И тут она увидела лягушонка… Ну и досталось бы мне на орехи, если бы не добрый дядя Даукинтис. Заметив, что я подозрительно ерзаю на месте, тетя замахнулась, чтобы огреть меня по спине, но Даукинтис откашлялся и вежливо извинился перед ней:
— Ты уж не серчай, хозяйка. Видать, это мой грех. Рубаху на траву скинул, может, кто и забрался…
Тетя схватила со стола тарелку и, ни слова не говоря, выплеснула борщ в ведро, свиньям. Хорошо еще, в кастрюле чуточку этой вкусноты осталось. Все поели и разошлись: косари улеглись в холодке, тетя ушла доить корову, а я тем временем вытащил лягушонка из ведра, засунул в пустой спичечный коробок и немного погодя снова погнал Пеструху попастись.

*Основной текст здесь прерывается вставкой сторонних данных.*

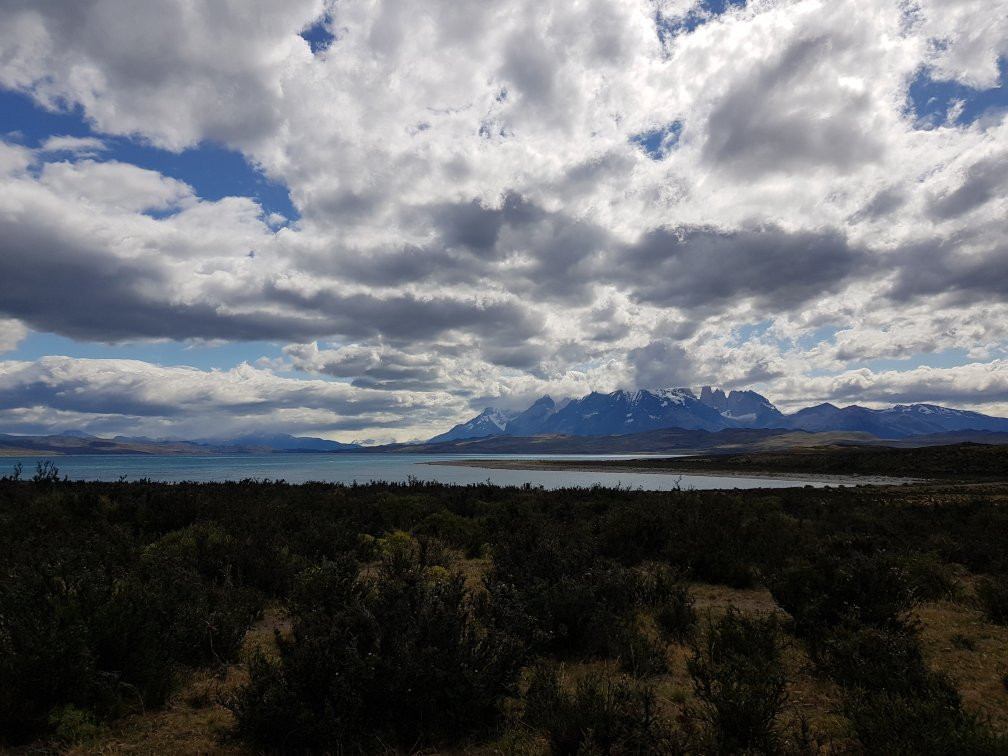 Lago Sarmiento-百内国家公园必去景点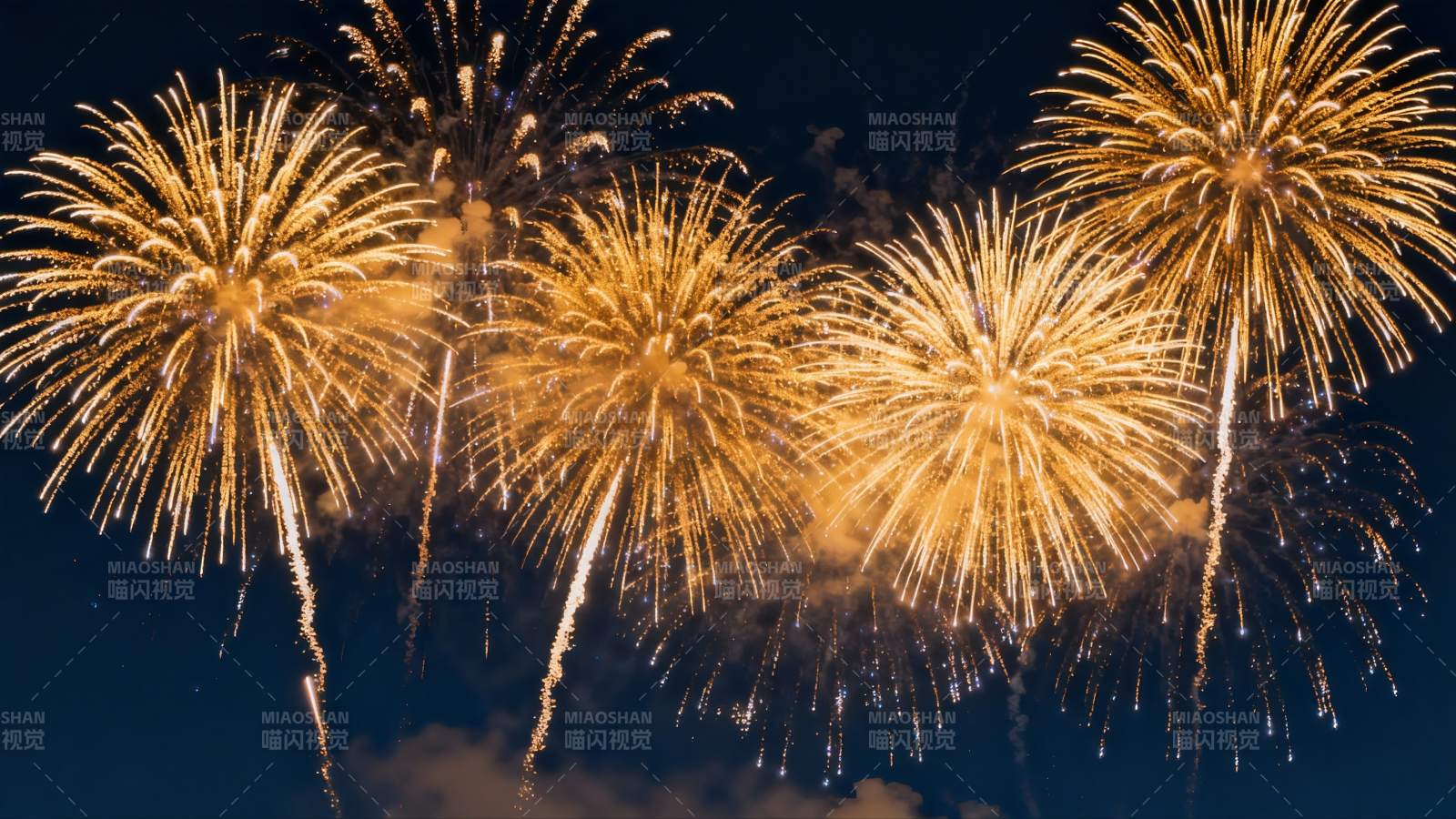 夜空烟花绽放绚丽景象图片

Я радовался, что все обошлось, и мне было немного неловко оттого, что мы, подпаски, распевали такую неприличную песню про Даукинтиса:
Даукинтис охо-хо,
А старуха Даукинти́ха
Поросенка режет лихо…
Даукинтисы жили небогато, перебивались с хлеба на квас, а злым языкам лишь бы посудачить, посмеяться. Нынче Даукинтисы приобрели клочок земли у железной дороги и строили там домишко. Даукинтис помогал дяде землю вспахать, сена накосить, а дядя, который немного мастерил, в другие дни помогал Даукинтису на строительстве.